Regional district voting
Regional district boards act through resolutions and bylaws, which require votes by the directors on a regional district board. Voting on regional district boards can be complex because regional districts are made up of jurisdictions of different populations and they may participate in different services.
The voting structure in regional districts reflects that they are unique federations of jurisdictions with different populations that choose to participate in various services.
This means that certain services are provided to all participants across the regional district, while other services are provided only to an electoral area, or to a sub-set of the municipalities, electoral areas and Treaty First Nations in the regional district.
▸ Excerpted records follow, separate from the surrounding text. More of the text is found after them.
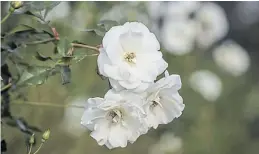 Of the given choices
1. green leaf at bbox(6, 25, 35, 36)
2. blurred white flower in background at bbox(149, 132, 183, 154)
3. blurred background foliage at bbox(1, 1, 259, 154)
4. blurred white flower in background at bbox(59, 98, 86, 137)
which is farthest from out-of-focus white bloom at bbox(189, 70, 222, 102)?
green leaf at bbox(6, 25, 35, 36)

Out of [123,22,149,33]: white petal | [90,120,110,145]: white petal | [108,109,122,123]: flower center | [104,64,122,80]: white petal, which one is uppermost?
[123,22,149,33]: white petal

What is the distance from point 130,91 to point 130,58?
4cm

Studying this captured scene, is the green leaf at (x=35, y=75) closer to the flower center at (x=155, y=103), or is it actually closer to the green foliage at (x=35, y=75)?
the green foliage at (x=35, y=75)

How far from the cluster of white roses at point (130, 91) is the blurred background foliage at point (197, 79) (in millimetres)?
426

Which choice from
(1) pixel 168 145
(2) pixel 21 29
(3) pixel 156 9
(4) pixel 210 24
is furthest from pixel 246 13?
(2) pixel 21 29

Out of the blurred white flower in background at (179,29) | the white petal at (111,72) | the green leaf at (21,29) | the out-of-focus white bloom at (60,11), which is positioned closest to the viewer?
the white petal at (111,72)

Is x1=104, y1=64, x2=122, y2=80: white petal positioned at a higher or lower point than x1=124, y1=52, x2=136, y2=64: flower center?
higher

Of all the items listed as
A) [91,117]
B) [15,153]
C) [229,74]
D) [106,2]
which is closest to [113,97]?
[91,117]

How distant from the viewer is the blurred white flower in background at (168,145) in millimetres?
917

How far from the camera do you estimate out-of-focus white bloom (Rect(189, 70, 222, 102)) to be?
3.08ft

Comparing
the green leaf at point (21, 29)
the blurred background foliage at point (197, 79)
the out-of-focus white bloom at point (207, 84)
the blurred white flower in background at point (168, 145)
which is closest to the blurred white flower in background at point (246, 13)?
the blurred background foliage at point (197, 79)

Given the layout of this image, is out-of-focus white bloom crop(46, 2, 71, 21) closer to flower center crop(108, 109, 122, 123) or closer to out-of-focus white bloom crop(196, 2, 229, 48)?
out-of-focus white bloom crop(196, 2, 229, 48)

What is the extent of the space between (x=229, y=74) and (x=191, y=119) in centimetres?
12

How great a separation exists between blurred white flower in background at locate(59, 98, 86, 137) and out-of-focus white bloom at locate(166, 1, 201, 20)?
25 cm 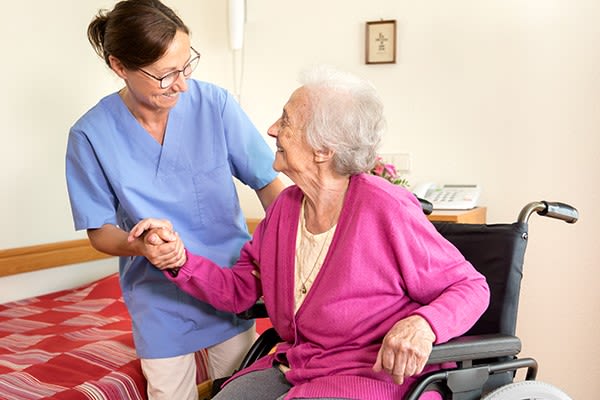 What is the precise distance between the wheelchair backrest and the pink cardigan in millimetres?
189

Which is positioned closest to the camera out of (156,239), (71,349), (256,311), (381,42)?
(156,239)

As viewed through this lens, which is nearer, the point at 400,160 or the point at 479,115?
the point at 479,115

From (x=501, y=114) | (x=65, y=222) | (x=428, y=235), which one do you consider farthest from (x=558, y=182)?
(x=65, y=222)

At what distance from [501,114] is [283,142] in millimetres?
1452

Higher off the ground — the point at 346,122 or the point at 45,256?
the point at 346,122

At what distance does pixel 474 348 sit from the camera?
4.14ft

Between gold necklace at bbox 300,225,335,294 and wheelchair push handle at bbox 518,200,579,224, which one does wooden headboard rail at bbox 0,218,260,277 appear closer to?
gold necklace at bbox 300,225,335,294

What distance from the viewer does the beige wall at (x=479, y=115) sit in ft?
8.42

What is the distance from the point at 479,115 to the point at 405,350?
1.72m

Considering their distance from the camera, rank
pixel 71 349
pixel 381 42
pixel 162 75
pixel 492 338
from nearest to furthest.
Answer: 1. pixel 492 338
2. pixel 162 75
3. pixel 71 349
4. pixel 381 42

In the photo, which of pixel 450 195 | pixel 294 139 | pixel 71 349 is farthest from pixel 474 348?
pixel 450 195

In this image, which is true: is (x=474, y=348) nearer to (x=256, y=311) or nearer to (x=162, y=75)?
(x=256, y=311)

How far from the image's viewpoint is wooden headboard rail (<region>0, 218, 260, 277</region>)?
256cm

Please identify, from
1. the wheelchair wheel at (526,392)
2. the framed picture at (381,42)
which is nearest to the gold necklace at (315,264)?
the wheelchair wheel at (526,392) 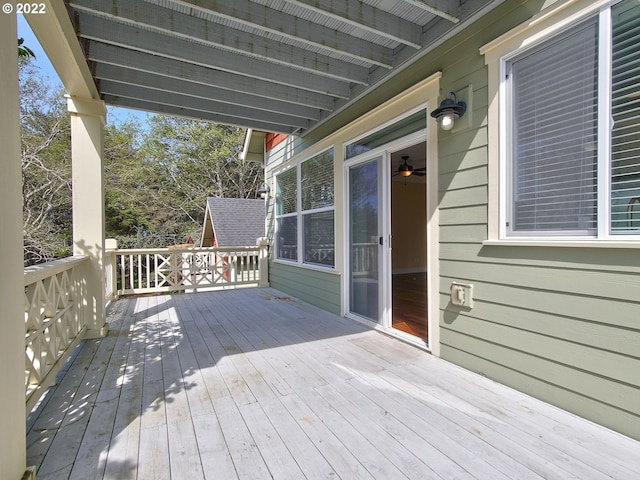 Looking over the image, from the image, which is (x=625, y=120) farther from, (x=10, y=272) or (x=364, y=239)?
(x=10, y=272)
It also means that those jurisdictions participating in a service are typically the ones funding that service.
Regional districts have three different voting mechanisms--unweighted corporate vote, weighted corporate vote and weighted stakeholder vote. These voting rules take into account participation in regional district services, corporate structure of regional districts, and the population of jurisdictions in the regional district.
On this page:
- Voting on establishing services and general administration
- Voting on financial decisions
- Voting on administration and operation of services
- Voting strength (voting unit)
Matters that affect the regional district corporation and all jurisdictions within the regional district are voted on using the "unweighted corporate vote." This means that all directors present at the meeting are entitled to vote and each director has only one vote. Unweighted corporate votes are used to determine matters such as:
- Establishing bylaws for services
- Regulatory bylaws
- Resolutions and bylaws on the conduct of the board's business (for example, procedure bylaws)
Financial decisions, such as adopting the annual financial plan, borrowing, property acquisition and disposal, and key contracts, are voted on by the regional district board using the "weighted corporate vote." Each director on the board is assigned a specific number of votes (voting unit) based on the population of the jurisdiction the director represents.
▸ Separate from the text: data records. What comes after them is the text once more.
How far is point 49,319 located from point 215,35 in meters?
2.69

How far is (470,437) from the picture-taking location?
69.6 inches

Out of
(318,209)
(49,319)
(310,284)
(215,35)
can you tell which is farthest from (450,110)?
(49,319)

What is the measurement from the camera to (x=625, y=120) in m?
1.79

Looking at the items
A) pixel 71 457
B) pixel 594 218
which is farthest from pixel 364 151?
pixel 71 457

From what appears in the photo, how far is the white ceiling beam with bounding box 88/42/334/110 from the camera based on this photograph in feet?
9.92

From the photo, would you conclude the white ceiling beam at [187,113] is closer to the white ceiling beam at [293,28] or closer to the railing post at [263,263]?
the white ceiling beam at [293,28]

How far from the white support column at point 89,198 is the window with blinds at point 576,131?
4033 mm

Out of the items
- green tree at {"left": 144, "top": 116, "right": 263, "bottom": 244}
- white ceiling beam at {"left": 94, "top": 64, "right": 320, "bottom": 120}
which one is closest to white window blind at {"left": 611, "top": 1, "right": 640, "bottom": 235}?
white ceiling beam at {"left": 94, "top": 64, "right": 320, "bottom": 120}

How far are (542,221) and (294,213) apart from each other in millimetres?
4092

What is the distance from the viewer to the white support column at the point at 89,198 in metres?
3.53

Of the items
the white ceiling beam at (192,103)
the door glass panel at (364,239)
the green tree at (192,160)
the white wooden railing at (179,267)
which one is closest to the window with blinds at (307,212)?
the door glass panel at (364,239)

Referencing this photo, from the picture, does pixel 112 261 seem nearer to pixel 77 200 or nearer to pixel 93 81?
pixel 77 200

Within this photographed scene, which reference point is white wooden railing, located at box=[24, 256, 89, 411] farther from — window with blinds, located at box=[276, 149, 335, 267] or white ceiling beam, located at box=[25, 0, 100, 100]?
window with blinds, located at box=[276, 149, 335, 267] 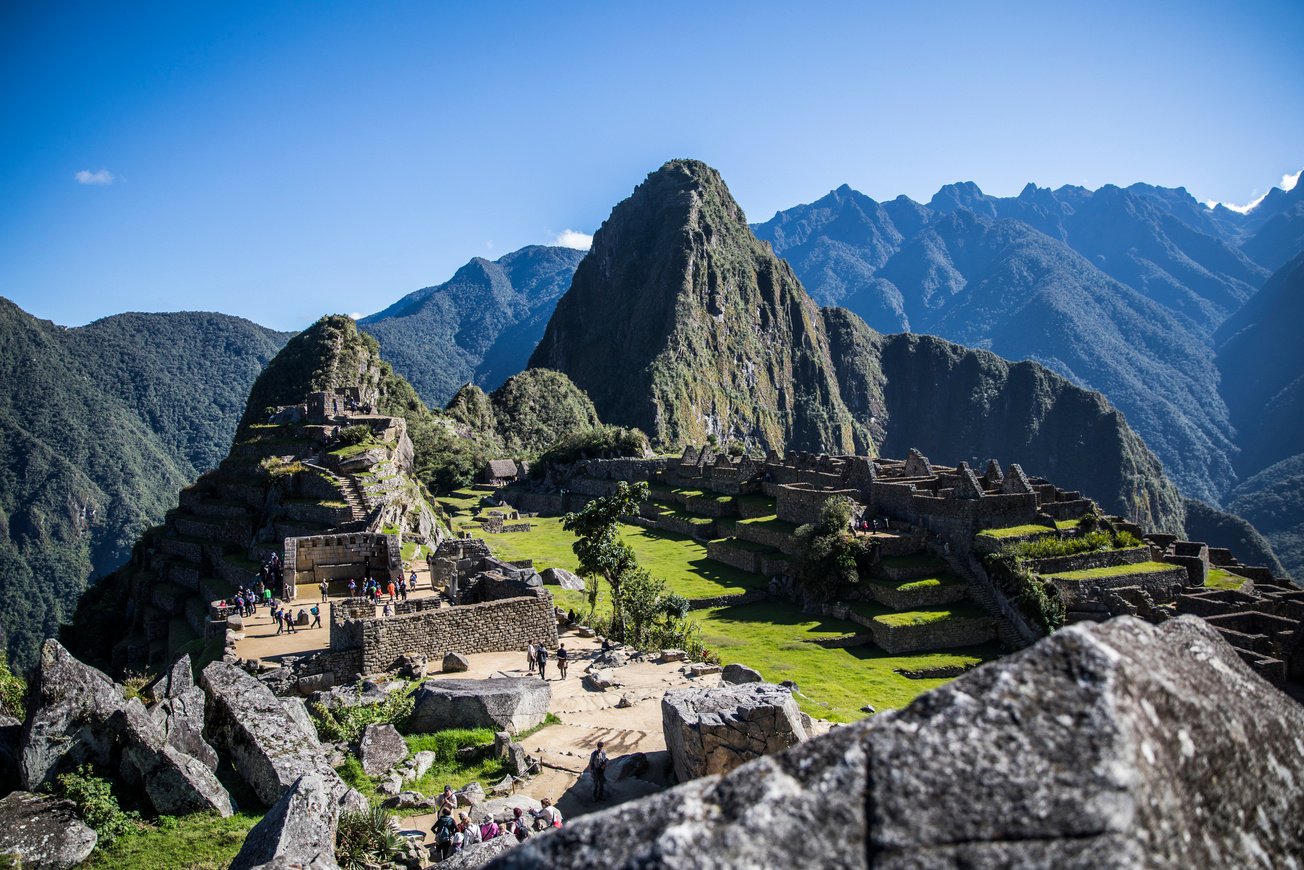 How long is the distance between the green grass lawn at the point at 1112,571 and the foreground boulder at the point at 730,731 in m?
26.5

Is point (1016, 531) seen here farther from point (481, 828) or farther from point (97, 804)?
point (97, 804)

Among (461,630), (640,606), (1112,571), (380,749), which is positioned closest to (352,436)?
(640,606)

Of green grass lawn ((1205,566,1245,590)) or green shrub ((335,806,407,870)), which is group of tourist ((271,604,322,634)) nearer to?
green shrub ((335,806,407,870))

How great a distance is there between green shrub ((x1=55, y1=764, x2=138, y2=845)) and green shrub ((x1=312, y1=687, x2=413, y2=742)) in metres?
4.20

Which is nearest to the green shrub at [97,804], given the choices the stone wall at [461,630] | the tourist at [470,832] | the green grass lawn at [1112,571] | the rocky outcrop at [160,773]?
the rocky outcrop at [160,773]

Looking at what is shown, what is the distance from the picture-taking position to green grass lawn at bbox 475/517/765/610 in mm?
41844

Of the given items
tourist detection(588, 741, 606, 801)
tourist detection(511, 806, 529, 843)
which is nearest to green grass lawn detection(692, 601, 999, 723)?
tourist detection(588, 741, 606, 801)

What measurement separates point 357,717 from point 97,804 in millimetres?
5346

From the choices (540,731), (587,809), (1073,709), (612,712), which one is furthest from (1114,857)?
(612,712)

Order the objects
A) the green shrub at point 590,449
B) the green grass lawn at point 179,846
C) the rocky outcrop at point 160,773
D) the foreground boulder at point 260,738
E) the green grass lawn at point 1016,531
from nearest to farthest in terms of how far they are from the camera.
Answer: the green grass lawn at point 179,846 < the rocky outcrop at point 160,773 < the foreground boulder at point 260,738 < the green grass lawn at point 1016,531 < the green shrub at point 590,449

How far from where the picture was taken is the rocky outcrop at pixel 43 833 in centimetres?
877

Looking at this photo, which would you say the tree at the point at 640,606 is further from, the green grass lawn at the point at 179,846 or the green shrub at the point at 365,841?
the green grass lawn at the point at 179,846

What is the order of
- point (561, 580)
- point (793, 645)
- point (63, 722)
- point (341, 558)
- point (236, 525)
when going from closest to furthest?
point (63, 722)
point (341, 558)
point (793, 645)
point (561, 580)
point (236, 525)

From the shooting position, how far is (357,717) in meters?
14.8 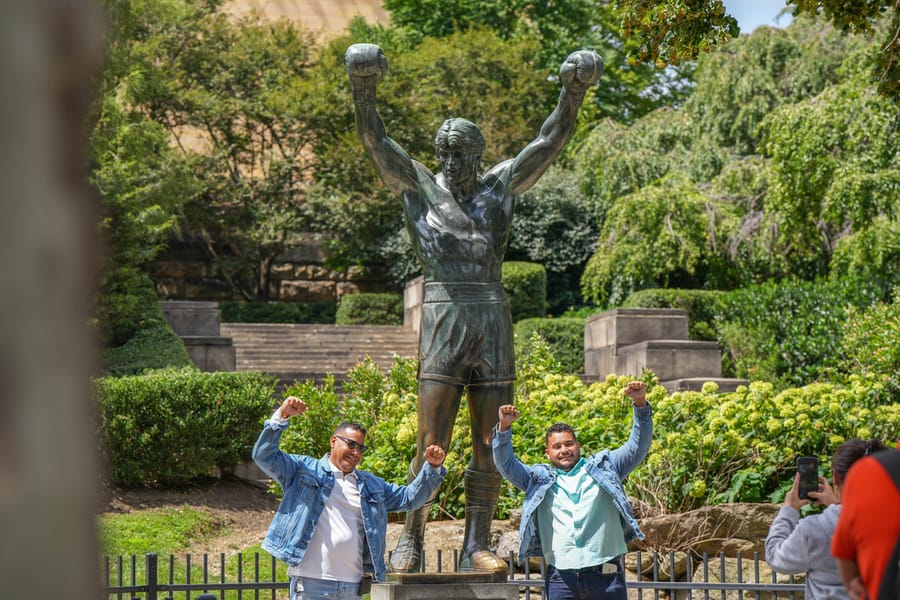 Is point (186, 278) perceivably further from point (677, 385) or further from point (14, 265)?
point (14, 265)

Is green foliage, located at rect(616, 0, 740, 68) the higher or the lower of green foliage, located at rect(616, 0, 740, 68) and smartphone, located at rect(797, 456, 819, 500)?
the higher

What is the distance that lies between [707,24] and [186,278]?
20.0 metres

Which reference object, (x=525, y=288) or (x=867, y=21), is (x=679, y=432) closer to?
(x=867, y=21)

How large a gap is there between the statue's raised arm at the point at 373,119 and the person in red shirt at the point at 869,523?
130 inches

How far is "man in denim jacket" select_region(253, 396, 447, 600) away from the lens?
17.5 feet

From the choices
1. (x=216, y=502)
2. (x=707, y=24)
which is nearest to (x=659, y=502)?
(x=707, y=24)

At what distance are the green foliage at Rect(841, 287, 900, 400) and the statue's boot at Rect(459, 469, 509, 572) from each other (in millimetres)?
7696

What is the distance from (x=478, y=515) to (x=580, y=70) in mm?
2390

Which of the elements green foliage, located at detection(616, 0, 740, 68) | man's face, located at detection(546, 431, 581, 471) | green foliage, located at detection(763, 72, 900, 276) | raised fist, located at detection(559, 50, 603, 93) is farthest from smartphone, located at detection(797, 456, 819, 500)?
green foliage, located at detection(763, 72, 900, 276)

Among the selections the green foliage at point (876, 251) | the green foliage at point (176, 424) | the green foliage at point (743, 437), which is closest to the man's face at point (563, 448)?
the green foliage at point (743, 437)

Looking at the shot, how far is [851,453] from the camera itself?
165 inches

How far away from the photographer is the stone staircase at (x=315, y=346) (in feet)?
64.7

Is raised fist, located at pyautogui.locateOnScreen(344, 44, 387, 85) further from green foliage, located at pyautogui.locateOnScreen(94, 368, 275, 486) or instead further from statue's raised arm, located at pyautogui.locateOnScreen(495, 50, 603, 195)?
green foliage, located at pyautogui.locateOnScreen(94, 368, 275, 486)

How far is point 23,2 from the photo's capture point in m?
1.61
Decisions related to the administration and operation of regional district services are voted on using the "weighted stakeholder vote." Only directors representing jurisdictions that participate in the service are entitled to vote, and each director is assigned a specific number of votes (voting unit) based on the population of the jurisdiction the director represents.
As an exception to this rule, if only one director would be eligible to vote on a resolution or bylaw, then each director who is present at the meeting is entitled to vote and has one vote. For example, if there is a water service for a portion of an electoral area where the only participant is the electoral area, the director of that electoral area would not be able to make a decision to contract out the maintenance of the water system on their own; all the board members present at that meeting would vote on the decision. This ensures that the interests of the region as a whole are considered as part of significant decision-making.
For the purposes of weighted corporate and stakeholder voting, the specific number of votes assigned to a director is determined by the regional district's voting unit, which is specified in its letters patent.